Evolving beyond personal/hobby hatching

allenandemily

In the Brooder
May 13, 2022
18
41
49
WI
I recently got into small scale incubating and hatching of chickens and guineas for myself and a few friends. It’s all been very successful. I have three small incubators with various capacities: 41, 24, and 12. I live in the heart of Amish country and have recently built some new relationships. For the last month, I’ve been selling 8 dozen guinea eggs for hatching a week to just one person. They hatch them, raise them, butcher them, and sell them to the Hmong community. It’s all a pretty interesting supply chain! They are looking for 500-1000 eggs a week so they buy from various sources in the community. Instead of selling eggs, I’d like to look into incubating and hatching around the same scale that I am selling the eggs — 100/week. My questions are:
  • How do I grow to that scale? Does anyone have tips or resources they can point me to?

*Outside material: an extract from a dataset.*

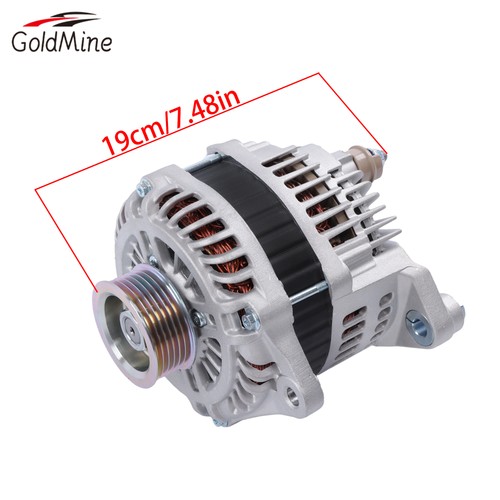 Alternator pin for nissan - 3-pin,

  • Do I get multiple 100 egg incubators or something that holds more but then start different shelves each week? Which large scale incubators are best?
  • How do I manage eggs that require different levels of humidity pre and during lockdown? Or do you move eggs in lockdown to a different incubator?
Ultimately, how do people evolve to the next step of hatching beyond just personal or hobby? What other equipment or things are needed to scale up that are overlooked? Any help, guidance, or advice is appreciated!
 
The easiest thing is to have a dedicated separate hatcher, so you don't have to change turning routines or change humidity.
Another thing I highly recommend is a good digital gram scale. This will negate the need to do most candling. Ideally it will have a large enough platform so you can weigh a whole tray of eggs at a time. This will save a lot of time.